The paper addresses the question “why servicers foreclose when they should modify?”

The servicers have different ways to respond to loan mortgages modifications. As the servicers have different level of interests and incentives as compared to the investors or homeowners, the way that they get benefit and loss on their money is also different from those of investors. Therefore, they usually either don't care about if the investor is getting a loss through foreclosure or they prefer foreclosure over modification of loans because this is for the servicers’ own benefit. The big question and problem is that why don't servicers modify loans, and rather prefer foreclosures?

Well, "servicers, unlike investors or homeowners, do not generally lose money on a foreclosure."

In fact, they make money through foreclosure and loan modification costs them some amount of money. Servicers remain largely unaccountable for their poor performance in making loan modifications.

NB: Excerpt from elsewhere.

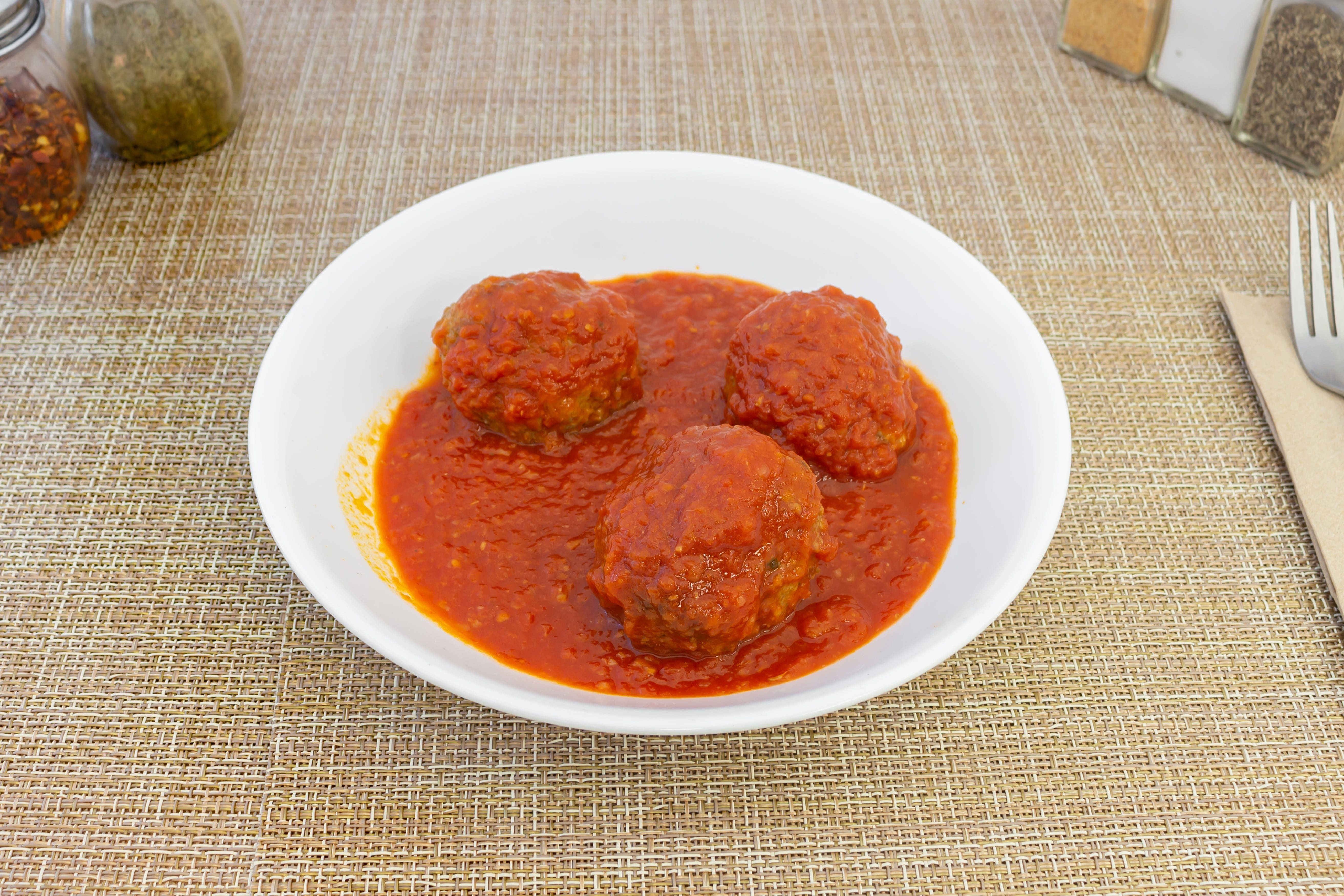 Side of Meatballs (3).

"Servicers have four main sources of income;

    The monthly servicing fee, a fixed percentage of the unpaid principal balance of the loans in the pool;
    Fees charged borrowers in default, including late fees and “process management fees";
    Float income, or interest income from the time between when the servicer collects the payment from the borrower and when it turns the payment over to the mortgage owner; and
    Income from investment interests in the pool of mortgage loans that the servicer is servicing."

According to the economists, the number of foreclosures can be decreased by increasing the number of delinquent loan modifications.

Congress, the President, the Federal Reserve Board, bankers, all agree to this solution of the issue. But the governmental loan modifications is not keeping the pace with foreclosures.

As the servicers benefit from foreclosures and for them loan modification is not a good personal option, they usually,...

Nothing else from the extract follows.